Protesters also raised a three-finger salute as they marched, a sign of resistance against tyranny in the popular Hunger Games movies.

Security forces have grown increasingly aggressive against the protesters, firing warning shots, rubber bullets and water cannons in an effort to disperse them. At least two people were hit with live ammunition earlier this week in Naypyitaw, one of them a young woman who was shot in the head and later slipped into a coma. Amnesty International said Thursday video footage from the protest shows 19-year-old Mya Thwe Thwe Khaing was shot by a policeman carrying a submachine gun.

Tom Andrews, a United Nations expert on human rights in Myanmar, called on security forces to “stand down” Wednesday after becoming “alarmed at the increasing levels of force against peaceful protesters.”

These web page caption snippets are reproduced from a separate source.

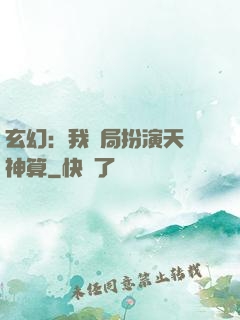 玄幻：我開局扮演天機神算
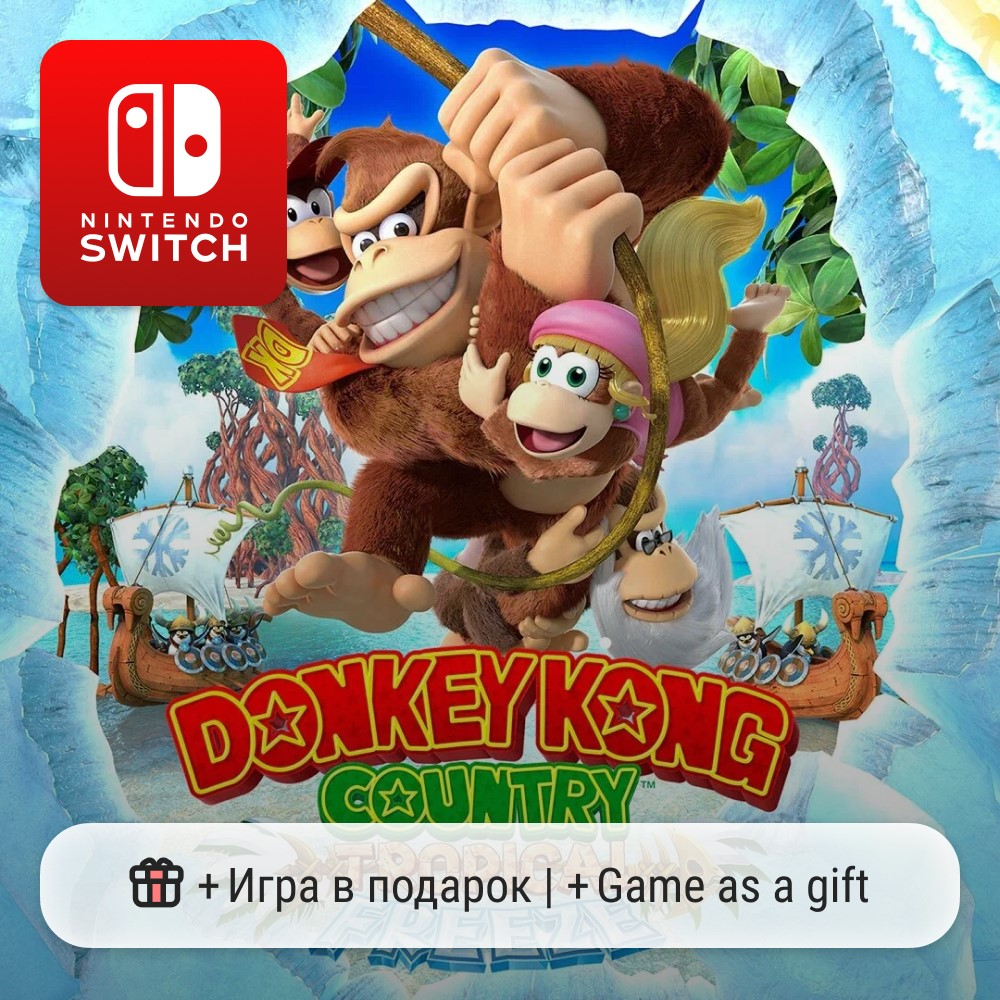 Donkey Kong Country: Tropical Freeze | Nintendo Switch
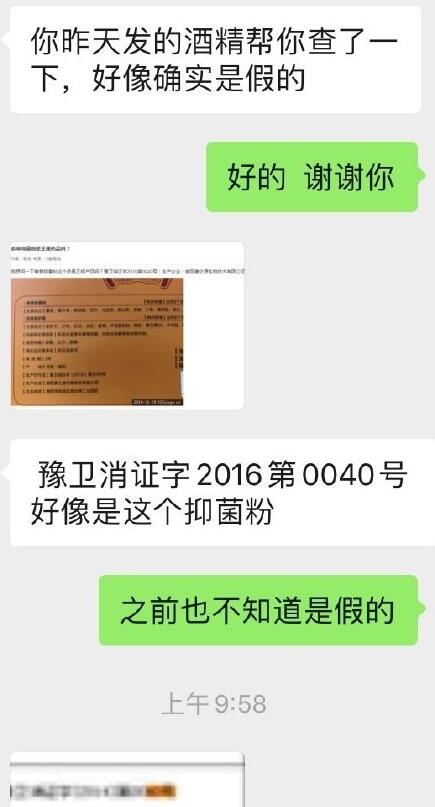 1583400381598916.jpg QQ截图20200305172556.jpg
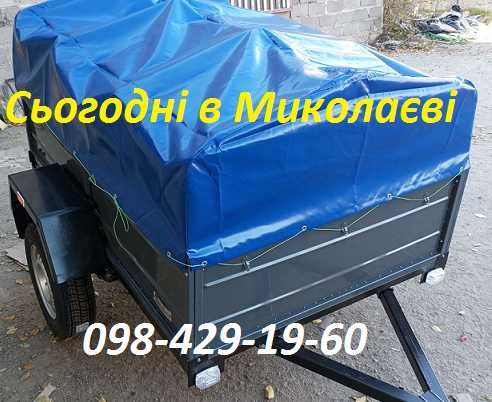 ПРИЧІП 2000/1300/450 з доставкою в Миколаїв Документи Збірка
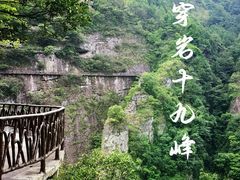 -十九峰景区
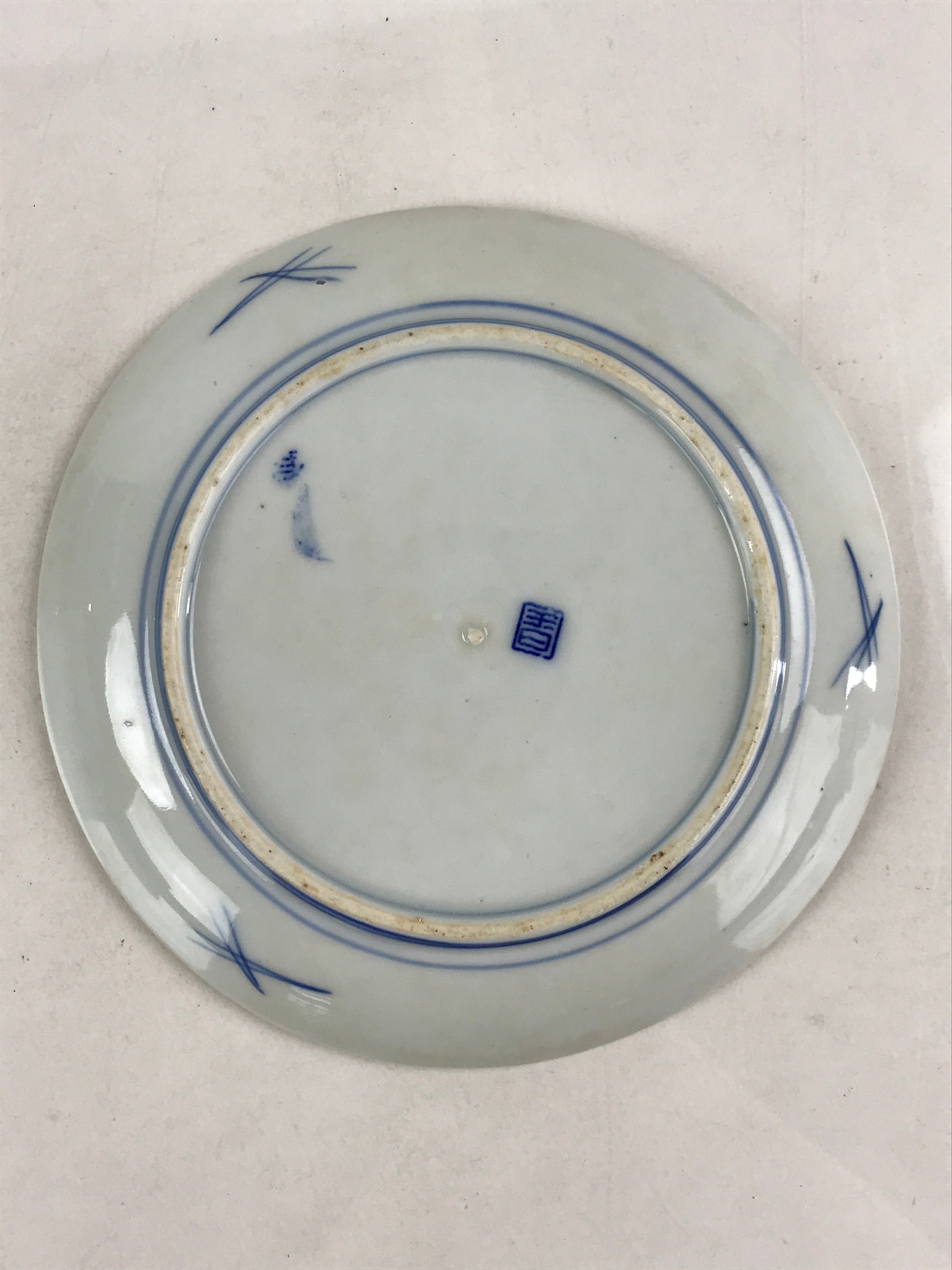 Antique Japanese Koimari Imari Plate Plum Blossom Nightingale Kozara Gold PY373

U.S. President Joe Biden Wednesday signed an executive order blocking Myanmar’s generals from access to $1 billion in assets currently held in the United States. President Biden and other world leaders have demanded the junta military to restore the elected government to power.

New Zealand said Tuesday it is suspending all high-level military and political contacts with Myanmar and is imposing a travel ban on its leaders.

The United Nations Human Rights Council will hold a special session Friday to discuss the crisis.

Myanmar, also known as Burma, has long struggled between civilian and military rule, but until last week had been in a hopeful transition to democracy.

A British colony until 1948, the country was ruled by military-backed dictators from 1962 until 2011.

An uprising in 1988 led to an election in 1990, which the NLD won in a landslide. But the elected members of Parliament were imprisoned, and the dictatorship continued.

Suu Kyi, the daughter of Myanmar's assassinated independence hero, Gen. Aung San, emerged as a leader in the pro-democracy rallies and in the NLD. She was awarded the Nobel Peace Prize in 1991 while under house arrest.

In 2010, Senior General Than Shwe announced the country would be handed over to civilian leaders, who included retired generals. They freed political prisoners, including the lawmakers from the NLD, and Suu Kyi, who was elected in a 2012 by-election and later became the state counselor of Myanmar.

While popular among Myanmar’s Buddhist majority, the 75-year-old Suu Kyi has seen her international reputation tarnished over her government’s treatment of the country's mostly Muslim Rohingya minority.

In 2017, an army crackdown against the Rohingya, sparked by deadly attacks on police stations in Rakhine state, led hundreds of thousands of them to flee to neighboring Bangladesh, where they remain.

The International Criminal Court is investigating Myanmar for crimes against humanity.